Secondly, WHO has stressed that digitized vaccination proofs will not supersede the time-honoured Yellow Book: “vaccination status should still be recorded through the paper-based International Certificate for Vaccination, and Prophylaxis”. Furthermore, identification of vaccination recipients will be undertaken under existing practices. That is, WHO sees no need to intervene in identification practices and is not entertaining any idea of a new digital identity framework. The interim guidance spells out that it is expected that a “health worker is able to ascertain the identity of a subject of care, as per the norms and policies of the public health authority” [lines 381-382] and “the identity of the subject of care SHALL be established as per Member State processes and norms” [line 501].
Furthermore, “the SVC is not an identity” [line 382].
My analysis and proposal for a Digital Yellow Book
These positions set out by WHO are most welcome, given the tendency for new digital identity movements and technologies to complicate public policy. I recently wrote a short paper on just these issues and presented it to an IEEE symposium on public interest technologies.

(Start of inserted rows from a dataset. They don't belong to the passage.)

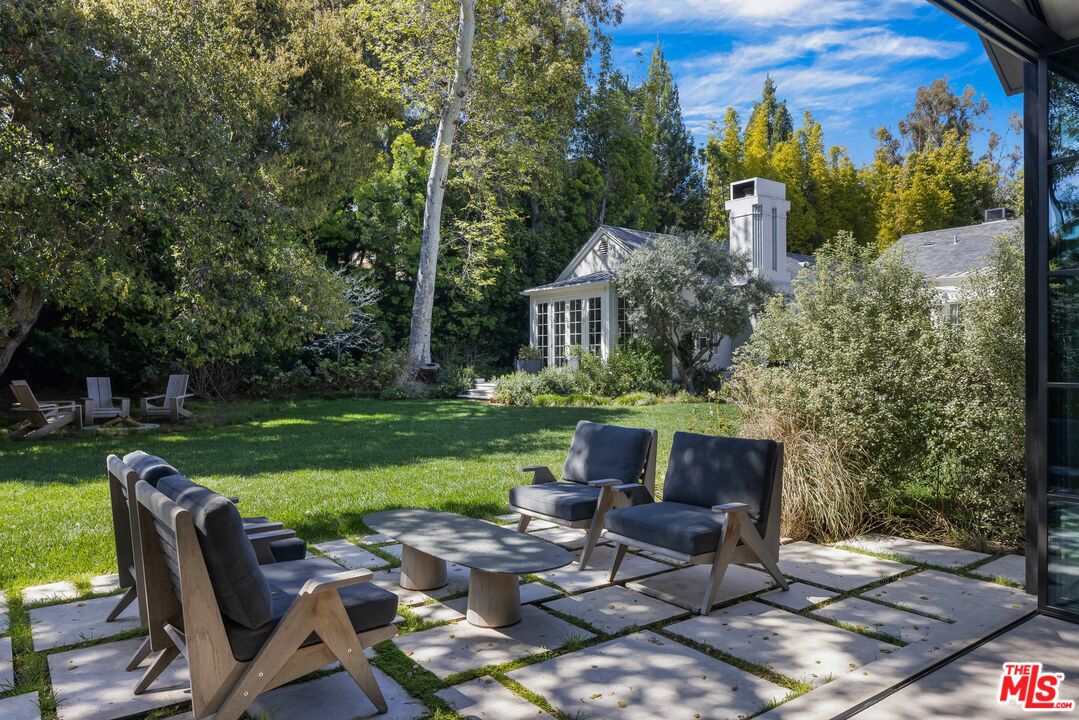 1701 Westridge Road Los Angeles, CA 90049 - Photo 24 of 36 a view of a chairs and table in backyard of the house
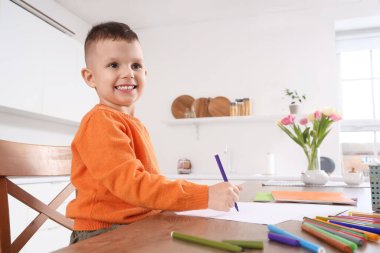 Mutfaktaki masada keçeli kalemlerle resim yapan küçük çocuk.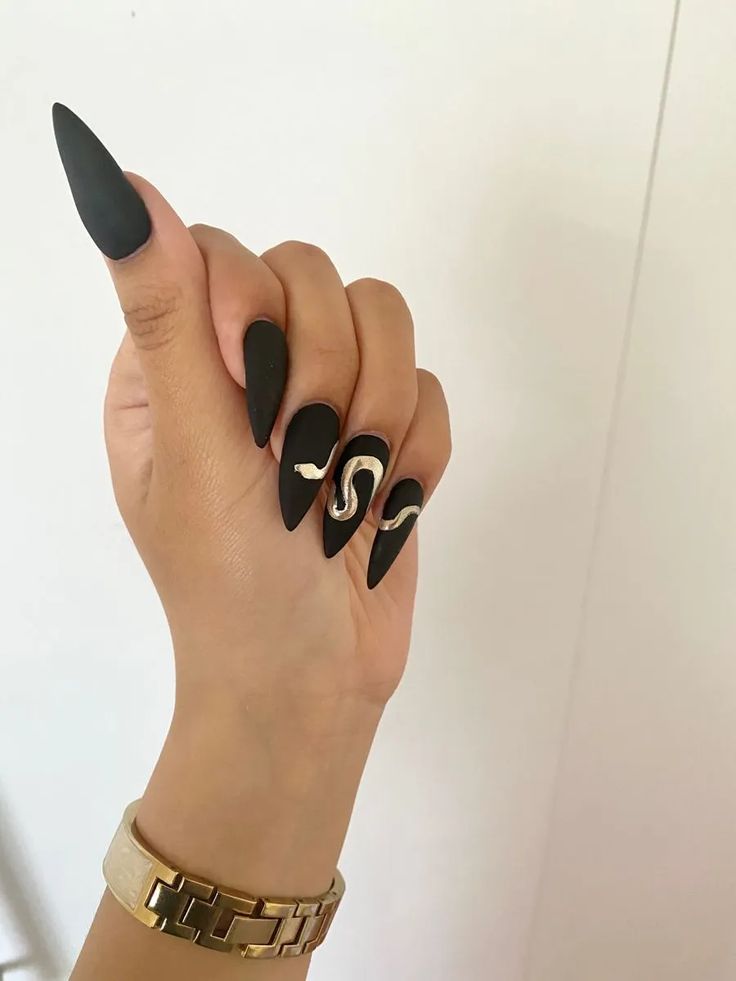 Bold Matte Black Nails with Metallic Snake Design and Gold Watch for an Edgy Sophistication.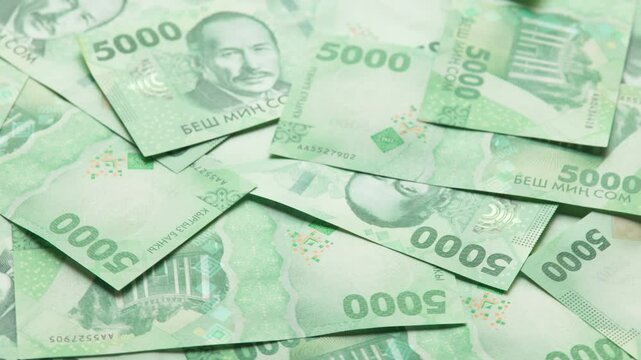 rotating background of new 5000 Kyrgyzstani Som banknotes, closeup full-frame loopable background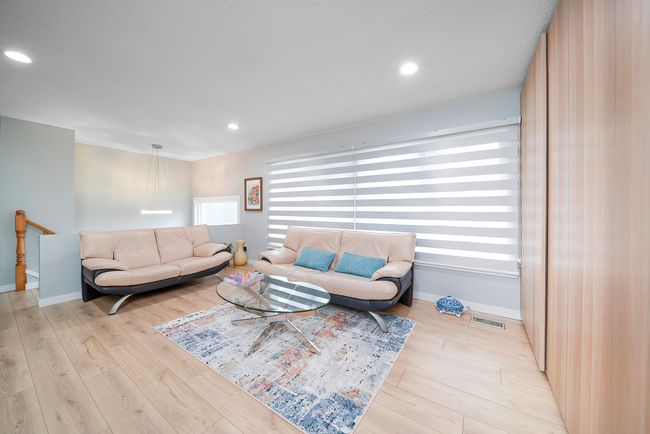 Living room featuring baseboards, visible vents, wood finished floors, and recessed lighting | Image 10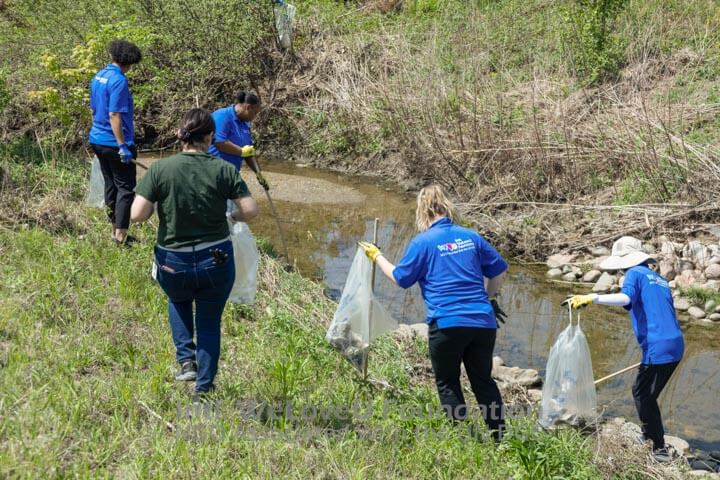 WeLoveU and Antunes looking for trash near water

See “A digital Yellow Card for securely recording vaccinations using Community PKI certificates”, IEEE International Symposium on Technology and Society, 12-15th November 2020, Tempe Arizona.
Based on our experience building a mobile credentials wallet for the Department of Homeland Security and bringing that to market as ValidIDy, I argue we need an elegant system to digitize nothing more and nothing less than the fact that someone received their shot. Such a Verifiable Credential would include the place, date and time, the type of vaccine, and the medico who administered or witnessed the shot. The underlying technology should be robust, mature and proven at scale ― as is PKI ― and available in a choice of form factors from passive universally accessible 2D barcode through to contactless electronic certificates in smart phones and medical devices.
Above all, digitizing the fact of a vaccination must be done within the existing contexts of public health administration around the world. No new patient identification protocols should be imposed on health workers. Let us assume that they know what they are doing today when assessing patients to receive vaccines. There is no call for a new identity framework. Rather let us focus on taking the results of vaccination administration and representing them faithfully, reliably and in context in digital form.